Cyproconazol adalah pestisida anti jamur yang digunakan pada tanaman gandum, kopi, bit gula, anggur, dan kacang tanah. Zat ini memiliki efek pengganggu hormon. 'Carbendazim' adalah zat mutagenik yang disemprotkan di luar Eropa pada lemon dan jeruk mandarin.

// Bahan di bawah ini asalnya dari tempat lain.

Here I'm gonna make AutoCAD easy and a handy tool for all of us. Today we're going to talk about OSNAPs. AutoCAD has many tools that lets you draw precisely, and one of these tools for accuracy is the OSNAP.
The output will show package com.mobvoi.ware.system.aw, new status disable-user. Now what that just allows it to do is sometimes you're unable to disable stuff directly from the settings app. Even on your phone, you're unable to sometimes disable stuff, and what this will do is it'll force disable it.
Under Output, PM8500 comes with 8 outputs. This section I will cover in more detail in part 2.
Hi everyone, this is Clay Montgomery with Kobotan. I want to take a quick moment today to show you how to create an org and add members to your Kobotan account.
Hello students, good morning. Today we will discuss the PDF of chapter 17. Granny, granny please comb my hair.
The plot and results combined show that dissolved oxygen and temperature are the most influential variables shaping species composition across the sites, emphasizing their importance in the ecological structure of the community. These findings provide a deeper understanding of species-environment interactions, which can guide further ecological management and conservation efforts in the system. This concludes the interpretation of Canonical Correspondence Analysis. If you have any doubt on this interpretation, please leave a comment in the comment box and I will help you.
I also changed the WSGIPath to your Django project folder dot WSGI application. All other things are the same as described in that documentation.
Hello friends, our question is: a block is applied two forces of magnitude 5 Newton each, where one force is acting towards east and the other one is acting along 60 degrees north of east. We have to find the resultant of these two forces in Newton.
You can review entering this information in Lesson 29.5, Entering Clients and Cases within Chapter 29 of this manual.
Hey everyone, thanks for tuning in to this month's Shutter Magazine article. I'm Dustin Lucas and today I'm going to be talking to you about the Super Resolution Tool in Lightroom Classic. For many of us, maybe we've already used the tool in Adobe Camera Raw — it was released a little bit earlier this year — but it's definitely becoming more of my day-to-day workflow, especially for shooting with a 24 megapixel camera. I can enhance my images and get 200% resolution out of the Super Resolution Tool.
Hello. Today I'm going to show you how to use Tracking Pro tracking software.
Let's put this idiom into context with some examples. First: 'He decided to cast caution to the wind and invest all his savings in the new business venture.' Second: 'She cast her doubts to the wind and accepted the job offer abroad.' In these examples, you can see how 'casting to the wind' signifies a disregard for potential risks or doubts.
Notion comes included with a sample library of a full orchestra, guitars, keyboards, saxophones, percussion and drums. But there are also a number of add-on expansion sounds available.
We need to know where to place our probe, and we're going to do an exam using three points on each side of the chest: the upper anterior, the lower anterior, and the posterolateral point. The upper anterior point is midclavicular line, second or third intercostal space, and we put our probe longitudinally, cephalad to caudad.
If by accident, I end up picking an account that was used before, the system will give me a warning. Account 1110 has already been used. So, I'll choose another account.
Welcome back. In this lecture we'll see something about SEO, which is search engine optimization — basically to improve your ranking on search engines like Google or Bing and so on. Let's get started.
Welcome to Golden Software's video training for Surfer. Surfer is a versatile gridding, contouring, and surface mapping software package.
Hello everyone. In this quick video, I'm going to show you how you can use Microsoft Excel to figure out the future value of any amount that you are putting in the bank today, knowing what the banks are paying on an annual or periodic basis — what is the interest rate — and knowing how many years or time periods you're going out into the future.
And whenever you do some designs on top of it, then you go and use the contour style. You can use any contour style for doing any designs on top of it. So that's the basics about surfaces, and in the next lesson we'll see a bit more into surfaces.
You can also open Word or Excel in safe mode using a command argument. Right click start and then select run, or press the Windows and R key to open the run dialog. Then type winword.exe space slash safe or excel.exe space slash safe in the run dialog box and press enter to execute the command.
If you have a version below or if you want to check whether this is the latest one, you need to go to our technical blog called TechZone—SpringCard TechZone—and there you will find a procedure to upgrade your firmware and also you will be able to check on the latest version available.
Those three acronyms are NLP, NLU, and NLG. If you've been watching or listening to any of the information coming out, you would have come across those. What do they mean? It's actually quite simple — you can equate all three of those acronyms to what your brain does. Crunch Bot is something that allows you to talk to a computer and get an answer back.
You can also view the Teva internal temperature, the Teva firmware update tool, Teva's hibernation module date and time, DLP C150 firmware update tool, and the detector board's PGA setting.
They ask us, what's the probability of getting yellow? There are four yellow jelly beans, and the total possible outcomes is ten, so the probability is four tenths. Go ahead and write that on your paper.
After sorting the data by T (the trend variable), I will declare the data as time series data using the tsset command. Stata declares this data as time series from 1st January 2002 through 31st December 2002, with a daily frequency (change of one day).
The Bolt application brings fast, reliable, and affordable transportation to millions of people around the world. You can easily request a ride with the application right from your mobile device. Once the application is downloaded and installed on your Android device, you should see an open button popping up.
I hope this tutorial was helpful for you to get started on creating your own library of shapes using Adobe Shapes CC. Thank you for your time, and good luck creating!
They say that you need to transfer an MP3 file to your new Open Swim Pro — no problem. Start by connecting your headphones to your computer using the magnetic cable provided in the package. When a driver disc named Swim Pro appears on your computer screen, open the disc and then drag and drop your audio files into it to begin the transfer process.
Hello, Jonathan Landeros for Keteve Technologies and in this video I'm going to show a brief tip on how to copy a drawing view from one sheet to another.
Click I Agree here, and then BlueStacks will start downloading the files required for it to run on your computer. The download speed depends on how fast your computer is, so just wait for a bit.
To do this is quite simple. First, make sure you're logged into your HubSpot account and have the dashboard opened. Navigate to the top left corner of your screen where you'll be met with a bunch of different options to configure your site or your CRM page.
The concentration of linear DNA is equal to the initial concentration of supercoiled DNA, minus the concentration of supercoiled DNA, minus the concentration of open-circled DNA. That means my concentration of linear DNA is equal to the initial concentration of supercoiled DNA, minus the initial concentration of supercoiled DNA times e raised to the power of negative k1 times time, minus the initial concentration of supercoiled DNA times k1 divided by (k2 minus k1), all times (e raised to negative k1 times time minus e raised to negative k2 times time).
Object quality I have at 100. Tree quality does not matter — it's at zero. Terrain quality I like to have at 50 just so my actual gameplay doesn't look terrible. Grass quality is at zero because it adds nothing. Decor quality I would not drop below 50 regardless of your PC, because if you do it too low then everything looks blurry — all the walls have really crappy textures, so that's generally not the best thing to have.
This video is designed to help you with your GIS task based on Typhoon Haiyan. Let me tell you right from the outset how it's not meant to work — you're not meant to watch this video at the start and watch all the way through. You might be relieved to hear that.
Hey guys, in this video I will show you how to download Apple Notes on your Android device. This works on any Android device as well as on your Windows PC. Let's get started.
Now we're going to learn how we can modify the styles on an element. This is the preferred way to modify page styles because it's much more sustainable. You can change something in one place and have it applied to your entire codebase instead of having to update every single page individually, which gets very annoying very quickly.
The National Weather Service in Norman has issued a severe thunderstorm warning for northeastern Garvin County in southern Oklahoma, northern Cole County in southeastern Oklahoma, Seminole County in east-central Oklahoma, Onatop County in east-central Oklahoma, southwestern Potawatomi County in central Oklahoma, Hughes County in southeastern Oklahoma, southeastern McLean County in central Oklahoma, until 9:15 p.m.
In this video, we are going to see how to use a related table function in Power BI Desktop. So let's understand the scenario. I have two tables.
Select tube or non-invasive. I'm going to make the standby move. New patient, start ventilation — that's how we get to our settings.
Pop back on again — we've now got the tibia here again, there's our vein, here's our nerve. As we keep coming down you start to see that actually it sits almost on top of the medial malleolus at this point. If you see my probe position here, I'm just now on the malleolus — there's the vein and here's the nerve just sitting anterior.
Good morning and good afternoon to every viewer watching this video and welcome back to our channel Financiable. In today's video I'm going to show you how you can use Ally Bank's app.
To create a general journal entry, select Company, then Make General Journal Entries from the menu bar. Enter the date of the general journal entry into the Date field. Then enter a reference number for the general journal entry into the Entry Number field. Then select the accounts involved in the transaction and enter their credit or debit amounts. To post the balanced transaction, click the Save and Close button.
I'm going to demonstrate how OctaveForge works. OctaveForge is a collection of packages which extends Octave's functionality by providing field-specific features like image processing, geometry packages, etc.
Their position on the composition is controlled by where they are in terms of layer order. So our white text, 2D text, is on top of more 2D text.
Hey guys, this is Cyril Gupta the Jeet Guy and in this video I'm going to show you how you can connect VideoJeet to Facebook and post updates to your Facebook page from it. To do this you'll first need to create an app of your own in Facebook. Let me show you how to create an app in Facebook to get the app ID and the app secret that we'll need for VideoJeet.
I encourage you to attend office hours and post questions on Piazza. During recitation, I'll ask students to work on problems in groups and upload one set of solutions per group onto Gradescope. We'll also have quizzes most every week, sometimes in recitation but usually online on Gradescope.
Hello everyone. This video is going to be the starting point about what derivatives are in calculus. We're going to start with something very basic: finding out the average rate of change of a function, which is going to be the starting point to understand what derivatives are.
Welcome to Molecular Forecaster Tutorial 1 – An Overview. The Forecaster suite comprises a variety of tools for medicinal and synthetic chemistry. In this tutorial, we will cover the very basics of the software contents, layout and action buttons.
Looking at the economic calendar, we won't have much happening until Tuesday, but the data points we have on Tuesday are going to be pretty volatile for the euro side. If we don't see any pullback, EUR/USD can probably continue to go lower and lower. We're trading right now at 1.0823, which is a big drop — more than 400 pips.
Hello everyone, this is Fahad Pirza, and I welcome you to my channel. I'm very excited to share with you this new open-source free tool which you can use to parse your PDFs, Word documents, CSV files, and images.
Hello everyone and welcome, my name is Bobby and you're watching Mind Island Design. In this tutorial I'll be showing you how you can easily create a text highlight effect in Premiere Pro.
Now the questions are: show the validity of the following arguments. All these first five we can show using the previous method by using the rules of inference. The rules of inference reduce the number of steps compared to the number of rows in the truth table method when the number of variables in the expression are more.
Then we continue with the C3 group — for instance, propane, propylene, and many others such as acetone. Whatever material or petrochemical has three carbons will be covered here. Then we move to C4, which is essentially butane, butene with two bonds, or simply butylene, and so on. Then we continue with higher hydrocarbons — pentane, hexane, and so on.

“Zat-zat ini dilarang di Uni Eropa. Maka aneh jika zat tersebut diizinkan terdapat pada makanan impor. Tujuan kami adalah semua petani - baik di dalam maupun luar Eropa - memproduksi makanan dengan menghormati hewan, planet kita, dan kesehatan kita. Untuk itu, Anda juga harus menetapkan standar yang sama pada produk impor seperti produk Eropa,” ungkap anggota Parlemen Eropa Anja Hazekamp (Partai untuk Hewan).
Keberatan yang disetujui memiliki efek mengikat, sehingga produk impor harus bebas dari zat beracun yang disebutkan. Resolusi yang disahkan menekankan bahwa produk pertanian yang diimpor dari negara non-UE harus memenuhi standar yang sama dengan produk yang diproduksi di UE agar tercipta lapangan bermain yang adil.
Sebanyak 522 anggota Parlemen Eropa memilih keberatan terhadap keputusan Komisi terkait cyproconazol dan spirodiclofen, 127 menentang, dan 28 abstain. Untuk benomyl, carbendazim, dan thiofanat-metil, 516 anggota Parlemen Eropa memilih keberatan, 129 menentang, dan 27 abstain.
Mayoritas mutlak minimal 359 anggota Parlemen Eropa diperlukan untuk menolak keputusan Komisi. Komisi Eropa kini harus mencabut usulannya. Anggota Parlemen menyerukan Komisi untuk mengajukan proposal baru yang menurunkan semua batas maksimal sisa zat kimia hingga ke nilai standar terendah, yaitu 0,01 mg.